Mon corps se crispe un peu au contact de l’eau fraîche, mais je me sens bien. Pendant le court instant que je passe sous l’eau, j’ouvre les yeux : contrairement à beaucoup, ça ne m’a jamais dérangée. Bien que ça pique un peu, j’adore cette vision qu’on a, là-dessous, c’est beau, apaisant et calme. Tout est trouble, comme dans un rêve, le soleil projetant ses rayons blancs alors que le monde entier au dehors semble disparaître. Les bruits, le vent, la chaleur, la gravité, plus rien ne semble exister, ou a toute petite dose. Je vois le corps d’Alex remonter à la surface, son t-shirt noir contrastant avec sa peau pâle, tandis que je reste, les poumons vidés, jusqu’à finalement ressentir le besoin de respirer.

_ T’as gagné : tu ne dors plus dans ma chambre !

Je rigole de sa remarque, le souffle court :

_ Je te rappelle que ta couette est en bas, maintenant et que, te connaissant, elle va y rester jusqu’à la fin des vacances, et nous aussi.

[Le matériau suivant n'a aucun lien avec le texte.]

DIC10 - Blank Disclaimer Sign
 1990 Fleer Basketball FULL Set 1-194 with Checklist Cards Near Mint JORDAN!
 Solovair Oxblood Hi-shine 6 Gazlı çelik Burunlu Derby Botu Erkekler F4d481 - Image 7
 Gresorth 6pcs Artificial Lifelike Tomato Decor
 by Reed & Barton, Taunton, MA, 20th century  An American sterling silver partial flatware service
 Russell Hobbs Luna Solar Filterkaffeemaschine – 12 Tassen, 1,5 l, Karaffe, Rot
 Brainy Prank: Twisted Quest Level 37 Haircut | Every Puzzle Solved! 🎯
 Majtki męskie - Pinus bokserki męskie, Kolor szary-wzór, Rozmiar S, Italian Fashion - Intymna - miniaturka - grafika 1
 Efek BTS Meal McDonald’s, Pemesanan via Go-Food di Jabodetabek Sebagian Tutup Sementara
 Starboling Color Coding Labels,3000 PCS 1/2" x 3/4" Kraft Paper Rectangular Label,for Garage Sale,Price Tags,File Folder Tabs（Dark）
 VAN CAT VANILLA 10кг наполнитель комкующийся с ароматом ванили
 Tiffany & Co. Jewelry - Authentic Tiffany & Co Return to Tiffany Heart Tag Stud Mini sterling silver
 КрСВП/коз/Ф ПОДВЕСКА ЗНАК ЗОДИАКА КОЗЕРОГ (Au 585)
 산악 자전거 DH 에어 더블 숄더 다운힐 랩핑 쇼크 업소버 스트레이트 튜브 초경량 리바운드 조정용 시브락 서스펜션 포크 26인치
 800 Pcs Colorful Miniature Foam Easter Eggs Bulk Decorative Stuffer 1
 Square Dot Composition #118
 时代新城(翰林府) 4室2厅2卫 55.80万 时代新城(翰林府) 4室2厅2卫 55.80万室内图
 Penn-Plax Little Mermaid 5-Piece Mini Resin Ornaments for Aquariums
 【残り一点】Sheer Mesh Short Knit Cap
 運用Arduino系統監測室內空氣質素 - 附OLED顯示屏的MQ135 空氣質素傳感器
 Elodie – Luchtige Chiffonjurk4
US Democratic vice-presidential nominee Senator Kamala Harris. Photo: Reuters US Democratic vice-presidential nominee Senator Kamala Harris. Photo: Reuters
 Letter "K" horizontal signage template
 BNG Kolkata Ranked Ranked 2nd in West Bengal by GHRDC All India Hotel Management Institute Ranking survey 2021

Il hoche la tête, une ombre de sourire sur le visage, mais ne répond rien, les yeux arrimés aux miens. L’ambiance change soudainement, et j’ai l’impression que nous avons fini de nous bagarrer. Les yeux d’Alex se posent furtivement sur mes lèvres, et j’observe une goutte d’eau glisser le long de sa pommette alors qu’il ne tourne la tête, comme s’il se ravisait de faire quelque chose. A quoi joue-t-il ? Avant que je ne puisse poser la question, un grand splatch ! se fait entendre derrière Alex, suivi des cris de victoire de Constance qui vient – enfin – de faire tomber Clem à l’eau. Alexis et moi regardons notre ami faire un doigt d’honneur à Constance, qui lui saute dessus pour toute réponse, le sourire jusqu’aux oreilles. Ils continuent leur bataille dans l’eau et Alex se tourne à nouveau vers moi. Il me regarde avec la même lueur étrange que tout à l’heure dans le regard, et finit par s’approcher à une lenteur calculée de moi, pour déposer un baiser… sur ma joue. Je lève les yeux au ciel, sans pouvoir retenir mon sourire, déçue d’un tel cinéma pour ça, et il se marre en défaisant mon chignon, passant ensuite ses doigts dans mes cheveux pour les dénouer. Frustrée, je m’enfonce jusqu’au fond de la piscine et remonte, mes cheveux alourdis par l’eau, les éclats de rire des mes amis résonnants dans mes oreilles.